El primer recuerdo que tengo acerca de la poesía salió de un
encuentro involuntario.
Veo nítida y tímidamente el living de la casa de mis abuelos en Villa Crespo;
la alfombra verde y sus sillones (hoy, re vintage) traídos de alguna anécdota
desde Nueva Orleans. Mi abuela, estancada en lágrimas por orgullo y nostalgia; eso que siempre dejó traslucir cada vez que hablaba de su hermano, el tío Yoyó.
Él fue médico (¡Y qué medico!) casado con Estela, eterna heroína, artista
plástica. Argentinos, vivieron en el exilio de París; ese París que escribió Cortázar,
obvio. Toda una obra nostálgica en mi mente.
Cuando era chiquita me gustaba sentarme a observar a mi
abuela Ana, capicúa, lectora. Ella hacía muchas palabras cruzadas y autodefinidos, como
una cazadora de significados. Me gusta pensar que algo de eso lo aprendí de ella.
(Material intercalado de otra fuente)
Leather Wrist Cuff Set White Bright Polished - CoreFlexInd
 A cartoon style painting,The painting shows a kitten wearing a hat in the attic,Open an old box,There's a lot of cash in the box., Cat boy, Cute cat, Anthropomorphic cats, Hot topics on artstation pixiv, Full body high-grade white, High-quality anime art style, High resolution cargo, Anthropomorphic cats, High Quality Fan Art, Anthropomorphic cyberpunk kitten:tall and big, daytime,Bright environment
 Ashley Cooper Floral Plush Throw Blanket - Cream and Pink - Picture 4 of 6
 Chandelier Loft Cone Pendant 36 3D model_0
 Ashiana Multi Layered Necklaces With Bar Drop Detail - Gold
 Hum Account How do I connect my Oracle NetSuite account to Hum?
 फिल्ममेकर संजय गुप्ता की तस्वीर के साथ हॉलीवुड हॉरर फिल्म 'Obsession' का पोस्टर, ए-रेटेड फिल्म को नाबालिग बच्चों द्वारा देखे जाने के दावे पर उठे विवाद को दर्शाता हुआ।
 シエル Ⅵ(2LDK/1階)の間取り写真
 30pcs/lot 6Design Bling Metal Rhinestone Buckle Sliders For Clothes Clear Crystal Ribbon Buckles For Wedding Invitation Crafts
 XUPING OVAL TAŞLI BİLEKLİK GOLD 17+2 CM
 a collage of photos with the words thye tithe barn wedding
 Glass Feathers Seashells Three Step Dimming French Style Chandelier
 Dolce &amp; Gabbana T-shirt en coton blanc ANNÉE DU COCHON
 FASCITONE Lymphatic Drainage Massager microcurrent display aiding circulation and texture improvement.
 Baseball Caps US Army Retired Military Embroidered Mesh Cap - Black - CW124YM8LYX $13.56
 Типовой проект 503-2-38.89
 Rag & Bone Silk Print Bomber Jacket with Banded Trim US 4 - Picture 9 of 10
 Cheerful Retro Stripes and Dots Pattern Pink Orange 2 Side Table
Esa tarde en la que por primera vez la vi emocionarse, me leyó un poema del libro
del tío Yoyó, “Taller”, y me explicó de qué se trataba. Los tíos perdieron un
hijo. Ella fue recorriendo, fragmento a fragmento y suspiro mediante, para que yo pudiera
entender el por qué de tantas palabras que a mi edad tenían poco sentido.
El primer recuerdo que tengo sobre la poesía es triste. Y fue un
acercamiento que me contó una historia intensa, a flor de piel. La poesía
puede ser belleza, muerte, etérea y dulce, o retratos del mundo (nosotros). Así nomá.